Qing dynasty politician (1814–1872)

Muyin (穆蔭, 1814–23 January 1872), courtesy name Qingxuan (清軒), was a Qing dynasty official from the Manchu Tohoro clan (托活洛氏) and the Manchu Plain White Banner.

Muyin had studied in central government school ("guanxue", 官學). He was appointed the Secretary of the Cabinet (內閣中書), the General of Military Secrets (軍機章京), then the Reader-in-waiting Secretary of the Cabinet (內閣侍讀學士). He was appointed the Grand Councillor by Xianfeng Emperor in 1851.

In 1853, Northern Expeditionary Force of the Taiping rebels harassed Henan and Zhili. The capital was under martial law, Muyin, Sengge Rinchen, Huashana (花沙納) and Dahūngga (達洪阿) were ordered to handle patrol matters for the various battalions in the capital. Later, he had served as the Senior Deputy Minister of Rites (禮部左侍郎), Junior Deputy Minister of Personnel (吏部右侍郎), Minister of Lifan Yuan (理藩院尚書), and Minister of War (兵部尚書) and other positions. In 1860, during the Second Opium War, he and Zaiyuan (Prince Yi) made the Imperial Commissioners in charge of peace negotiations with Anglo-French army. They met British and French officials in Tongzhou. When the negotiations failed, the members of the British delegation, including Sir Harry Parkes, were arrested by Qing soldiers and escorted to Beijing for trial, where they were incarcerated and tortured. In the meantime, Anglo-French expeditionary forces closed in on Beijing, Muyin and Zaiyuan were replaced by Prince Gong as negotiator for peace. However, the Allies continued to advance on Beijing. Muyin fled with the Xianfeng Emperor to the Chengde Mountain Resort in Hebei.

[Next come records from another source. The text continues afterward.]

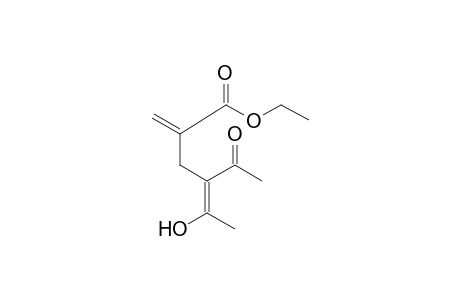 ethyl (E)-4-acetyl-5-hydroxy-2-methylene-hex-4-enoate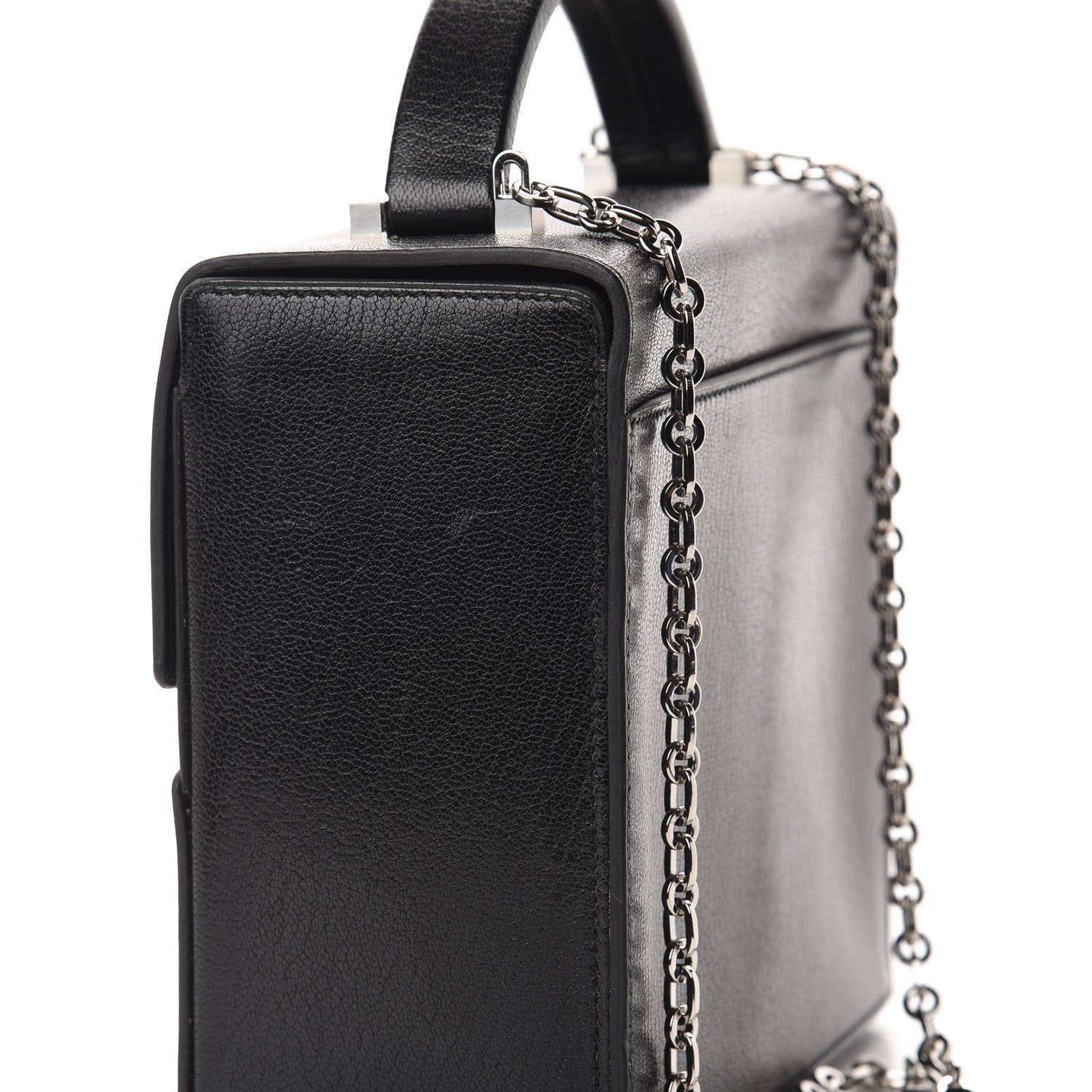 Hermes Chevre Chamkila Cinhetic Boxy Top Handle Bag Black 10 of 11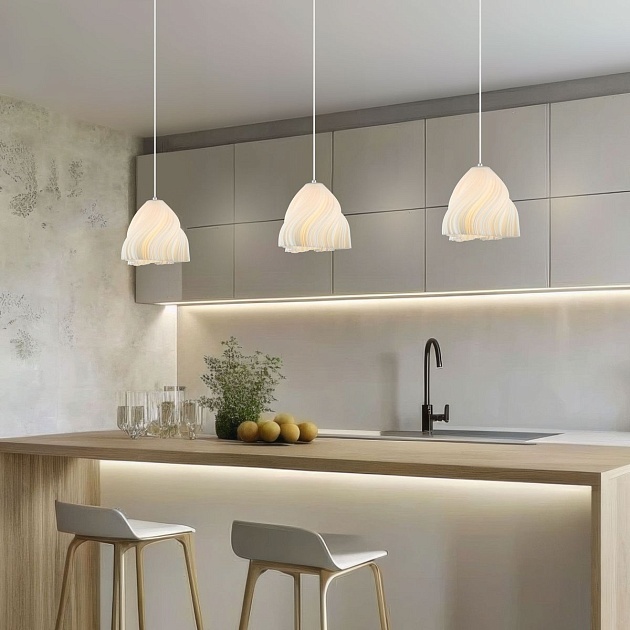 Подвесной светильник Eurosvet Sinki 40077/1 белый Фото № 3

Before the Xianfeng Emperor died in 1861, the emperor appointed eight men to assist his son, whom later enthroned as the Tongzhi Emperor. The eight regents were: Zaiyuan, Prince Yi of the First Rank; Duanhua, Prince Zheng of the First Rank; Sushun, the Minister of Revenue; Jingshou (景壽), a prince consort; Muyin, the Minister of War; Kuang Yuan (匡源), the Senior Deputy Minister of Personnel; Du Han (杜翰), the Junior Deputy Minister of Rites; and Jiao Youying (焦祐瀛), the Vice Minister of the Court of the Imperial Stud. Later that year, the eight regents were ousted from power in the Xinyou Coup orchestrated by Prince Gong and Empress Dowager Cixi. Muyin was stripped of official positions and sent to serve at frontier military outposts (軍臺效力) in Xinjiang. In 1864, he completed the installment payment for the fine, and was allowed to return to Beijing. He died at home in 1872.